Our new expert spotlight series showcases the great minds of SMG—those who keep us innovating, growing, and driving meaningful change. We sat down with Eric Lemmon, Data Science Lead, to get the scoop on predictive analytics, text sentiment precision, and what it’s like to work with such a multidisciplinary team.
Describe your day-to-day at work.
Our team's mission is to infuse advanced analytics into SMG's offerings. That most often alludes to product enhancements, so I often work with several other teams—like Product, Marketing, and Client Insights—to identify upcoming opportunities and market needs that may benefit from a data science perspective. Downstream in our delivery pipeline, I also work with our Architecture and Engineering teams to come up with creative ways to integrate and expedite the delivery of our machine learning models into production.

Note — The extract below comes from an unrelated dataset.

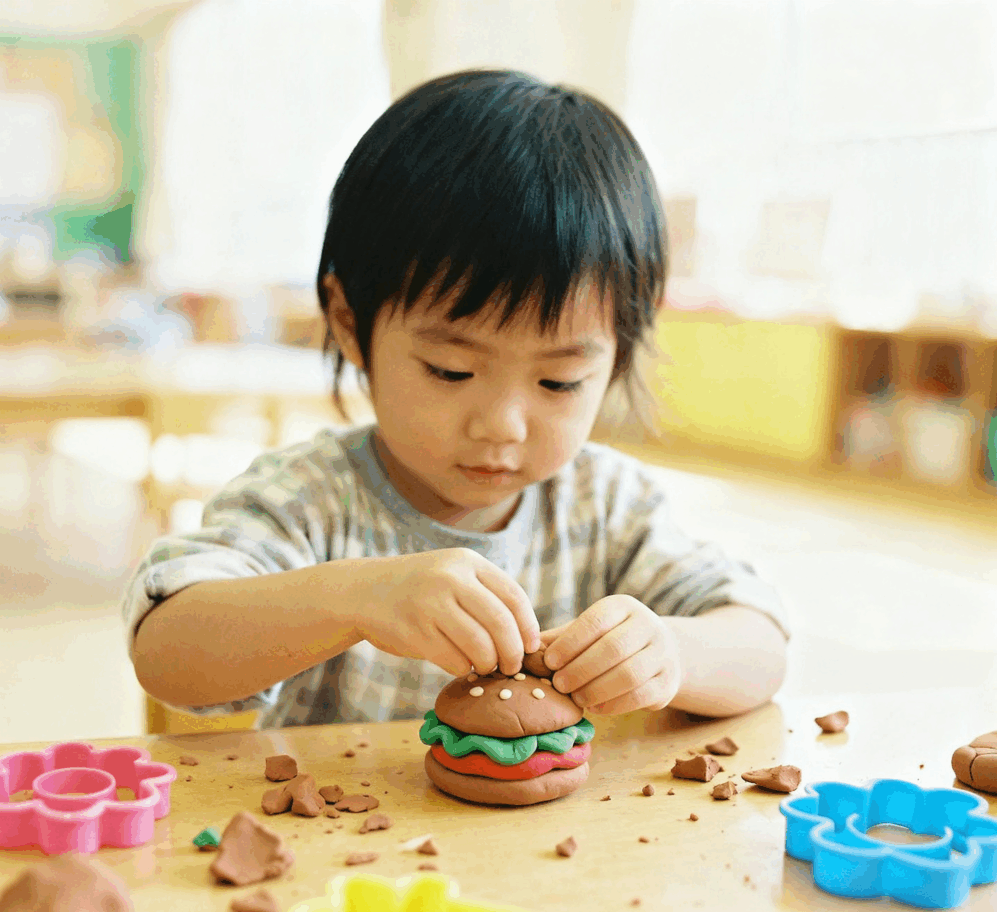 開放性玩具（例如：黏土）可以激發幼兒的創造力。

One of my favorite parts is staying close to the data. I routinely wear my data engineering hat by assisting with general data access/delivery and data pipelines across our many data platforms: Hadoop, Spark, Kafka, SQL Server, MongoDB, etc.
What are the biggest challenges of your job?
Working with data scientists! Just being lighthearted, of course, but there is actually a lot of truth in that. There is a huge divide between a data scientist's approach to problem-solving and technical discipline: engineering, architecture, etc. This gap is my niche—I try to get everyone across teams speaking the same language and understanding how to deliver the end solution.
Also, the speed of our team's deliverables vary greatly—anything from a multiple-month project down to a couple of hours. We are always on the lookout for ways to more naturally fit into the rest of our regimented agile engineering process.
What do you love most about your job?
That's easy: the team. And I don't just mean the Data Science team (since that would be overtly biased!) I am referring to the organic, cross-functional teams that spring up across SMG to overcome pressing challenges. It’s a beautiful thing when you pull together subject matter experts spanning science, technology, and business disciplines—on three continents—to deliver value to our clients.
A recent example of this is how we discovered a deficiency in our text analytics sentiment performance for a specific industry, and we came together as a multidisciplinary team to tackle it head-on. The team ended up using state-of-the-art deep learning techniques to boost sentiment precision considerably, in a very short time.
What is your biggest accomplishment at SMG?
After building out our operational risk machine learning models for food safety and pest detection, we needed to rapidly deploy and demonstrate those capabilities. To do that, we assembled a small team of technical experts to build out a data & ML pipeline across several big data systems.
This allowed us to safely tap into our live data streams, apply our ML models, and show a dashboard of potential food safety and pest issues across all of our restaurant, grocery, and convenience store clients simultaneously. We went from concept to production in just a few days. With all of those sophisticated systems in play, that could only have been done efficiently (and with zero production impact!) with a seasoned, highly-skilled team.
How does data science continue to evolve, and what is SMG doing to innovate along with it?
Data science is rapidly evolving on many fronts. One topic that is booming right now is explainability: a "show-your-work" mindset for machine learning models that gives insight to the reason a model had a certain outcome. This heightened transparency is very important to us, and we are employing state-of-the-art techniques internally that we hope to later build into our products. This not only builds trust with our users, but also gives us critical clues as to how to curate our training data to remove any unintended bias.
Another area that is crucial for any organization participating in supervised learning is training cost. Acquiring training data is usually very expensive—especially for classification problems having a highly imbalanced distribution of values. For example, we built classifiers to detect a food safety issue on open-ended text comments, even though actual food safety cases only occur one in every several thousand surveys. We have billions of comments at our disposal, but it is impractical to label each of those for food safety issues. So instead, we used active learning techniques to pare down our data to get us enough positive cases to be useful for training and refinement, then transferred learning to layer our custom logic atop industry-leading models.
How did you end up in this line of work?
My last few years as an architect gravitated away from general technical architecture, toward data architecture and engineering. That coincided with our former leader of data science needing my skill set, so I jumped at the chance to help him build out his team.It has been very rewarding to play a role in building out capabilities that genuinely help others (such as our food safety alerting). A quote from John D. Rockefeller captures it much more eloquently: Don't be afraid to give up the good to go for the great.